La Conférence régionale des élus de la Baie James (CREBJ) tient des rencontres d’information depuis quelques mois pour bien faire connaître le dossier aux intervenants de divers milieux. «On a été témoins de ce qui s’est passé à Sept-Îles et on ne veut pas que ça se passe ici», affirme l’agent de développement, Stéphane Mckenzie. «Les gens réagissent comme ça parce qu’il y a eu de la désinformation. On tient à ce que les gens connaissent bien le sujet pour qu’ils soient en mesure d’être critiques», poursuit-il.
Le responsable de la Coalition Sept-Îles sans Uranium, Olivier Noël, nie toutefois que la population de la Côte-Nord ait été désinformée. «On est appuyés par des médecins, je pense qu’ils sont capables de bien défendre leurs arguments. On reçoit aussi beaucoup d’études et on s’informe tous les jours. C’est complètement faux de dire que les gens sont désinformés», se défend-il.
Une première mine d’ici 2013 ?
La société minière Ressources Strateco de Boucherville a amorcé en janvier dernier une importante campagne de forage à 200 kilomètres au nord de Chibougamau. Les premières estimations y ont clairement démontré une haute teneur en ressources uranifères. Ressources Strateco indique sur son site Internet que le début de l’exploitation est prévu pour 2013. L’entreprise y voit évidemment un grand potentiel économique.
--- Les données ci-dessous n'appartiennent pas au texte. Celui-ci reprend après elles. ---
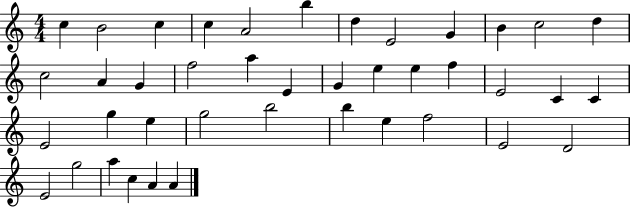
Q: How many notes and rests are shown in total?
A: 41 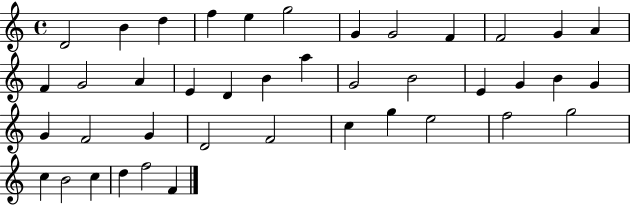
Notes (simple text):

D4/h B4/q D5/q F5/q E5/q G5/h G4/q G4/h F4/q F4/h G4/q A4/q F4/q G4/h A4/q E4/q D4/q B4/q A5/q G4/h B4/h E4/q G4/q B4/q G4/q G4/q F4/h G4/q D4/h F4/h C5/q G5/q E5/h F5/h G5/h C5/q B4/h C5/q D5/q F5/h F4/q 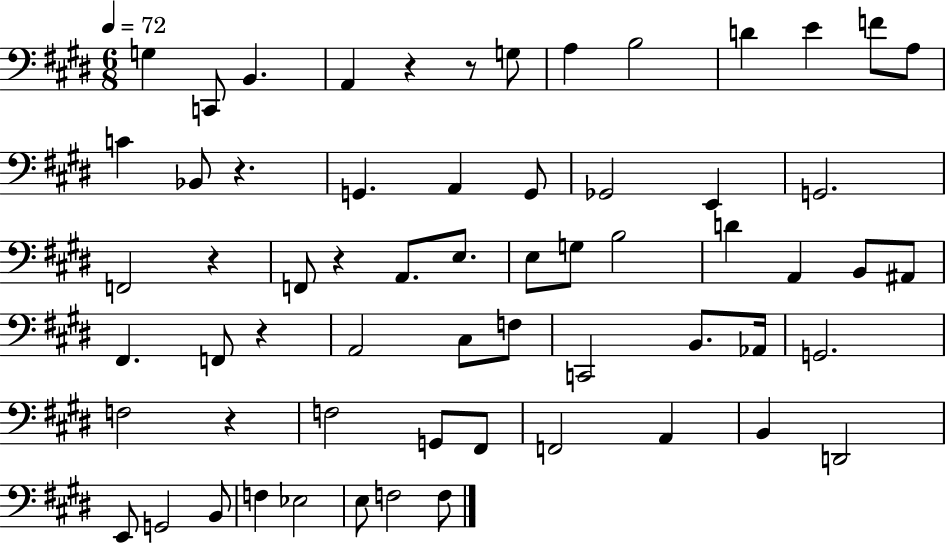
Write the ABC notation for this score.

X:1
T:Untitled
M:6/8
L:1/4
K:E
G, C,,/2 B,, A,, z z/2 G,/2 A, B,2 D E F/2 A,/2 C _B,,/2 z G,, A,, G,,/2 _G,,2 E,, G,,2 F,,2 z F,,/2 z A,,/2 E,/2 E,/2 G,/2 B,2 D A,, B,,/2 ^A,,/2 ^F,, F,,/2 z A,,2 ^C,/2 F,/2 C,,2 B,,/2 _A,,/4 G,,2 F,2 z F,2 G,,/2 ^F,,/2 F,,2 A,, B,, D,,2 E,,/2 G,,2 B,,/2 F, _E,2 E,/2 F,2 F,/2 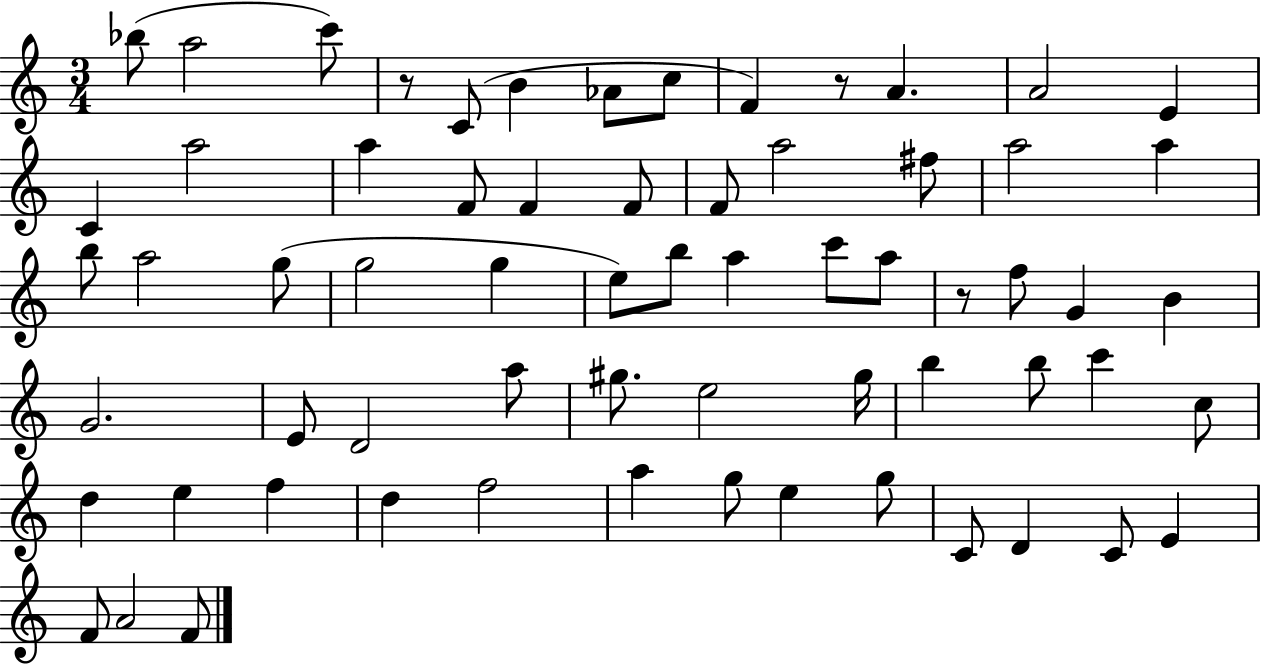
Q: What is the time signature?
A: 3/4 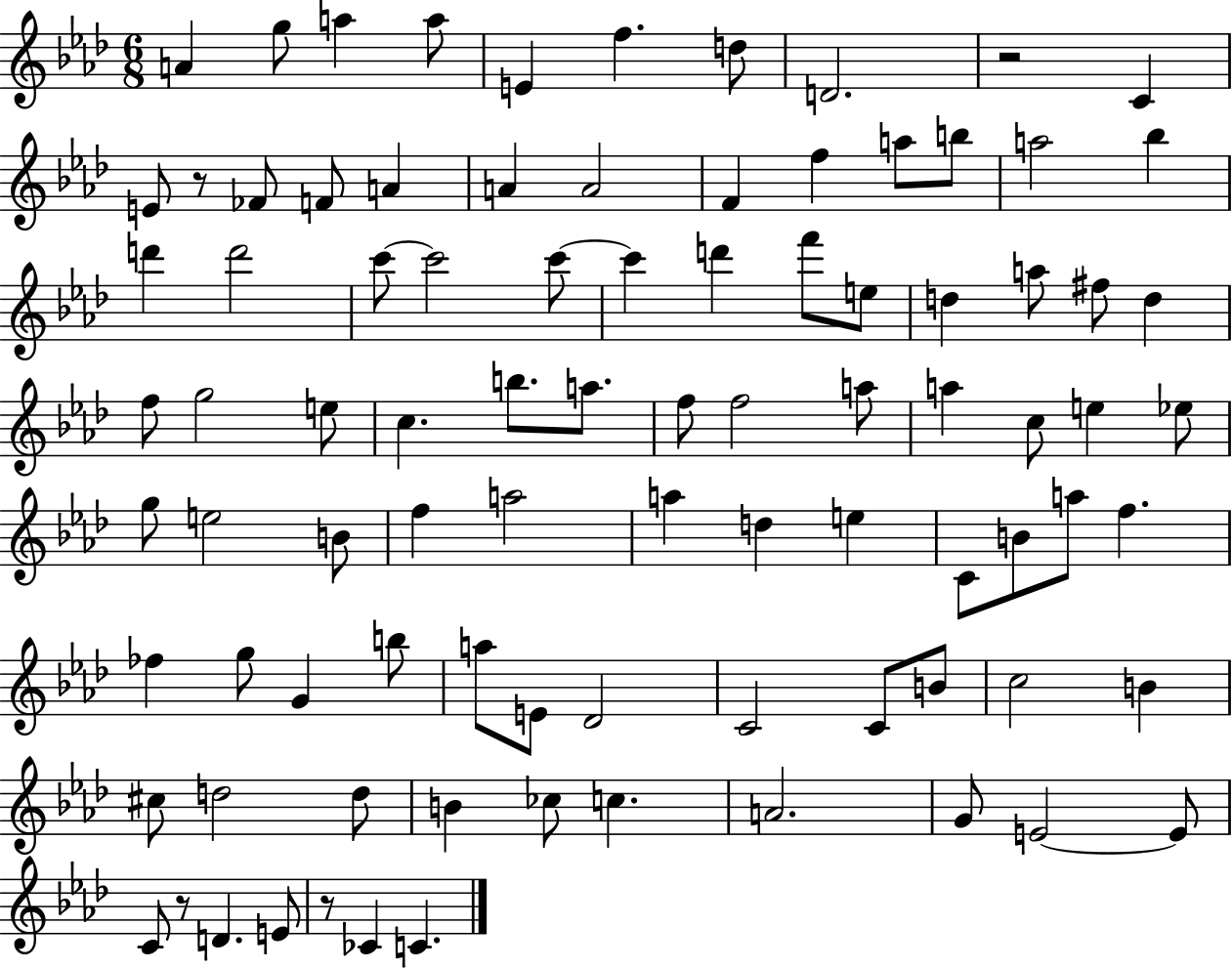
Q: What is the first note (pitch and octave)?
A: A4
Stéphane Mckenzie reconnaît aussi l’ampleur des avantages du projet pour sa région, mais soutient que la CREBJ n’a pas encore pris position en sa faveur. «On est encore à l’étape où l’on s’informe. On fait venir des spécialistes qui nous présentent l’uranium objectivement.»
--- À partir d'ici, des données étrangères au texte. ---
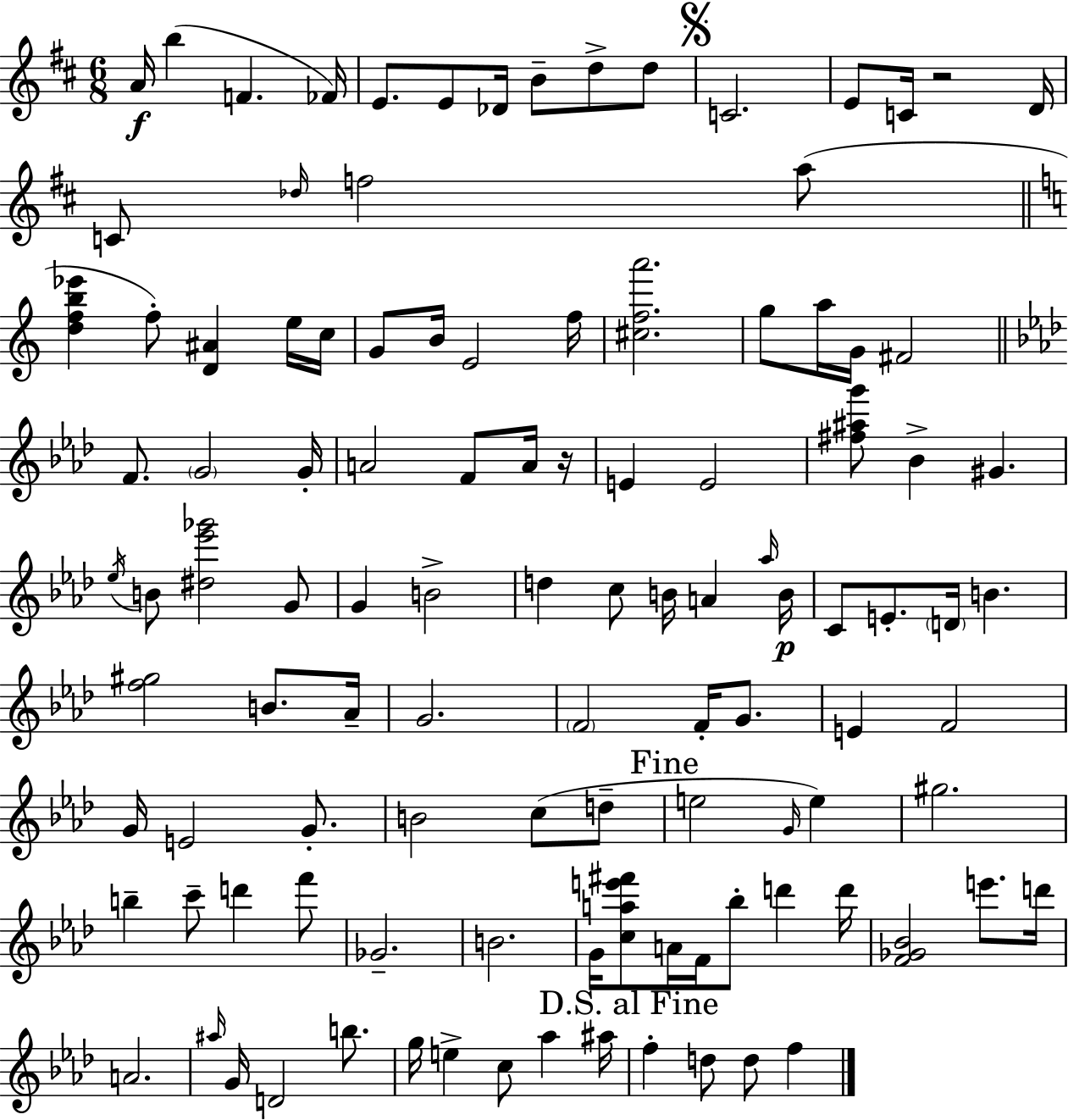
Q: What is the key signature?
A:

Ce dernier ne veut tout simplement pas que des barrières soient imposées pour rien. «Des risques, il y en a dans tout. L’uranium est sévèrement réglementé, il ne faut pas partir en peur. Les médecins se plaignent, mais ne disent pas qu’ils utilisent l’énergie nucléaire dans plusieurs traitements», conclut-il.
Levée de boucliers
À Sept-Îles, 20 médecins ont remis leur démission et menacé de quitter la région, en décembre dernier, pour protester contre l’exploration d’uranium par l’entreprise Terra Ventures sur la Côte-Nord.
Plusieurs pétitions et demandes de moratoire ont aussi été déposées à l’Assemblée nationale au cours de la dernière année. Les protestants contestent notamment les risques radioactifs que l’exploitation d’uranium exposent pour la santé de la population et de l’environnement.
Si M. Noël s’attend à ce qu’un groupe de protestants se lève prochainement à Chibougamau pour s’opposer aux travaux de Ressources Strateco, Stéphane Mckenzie de la CREBJ affirme que personne encore ne s’est prononcé concrètement.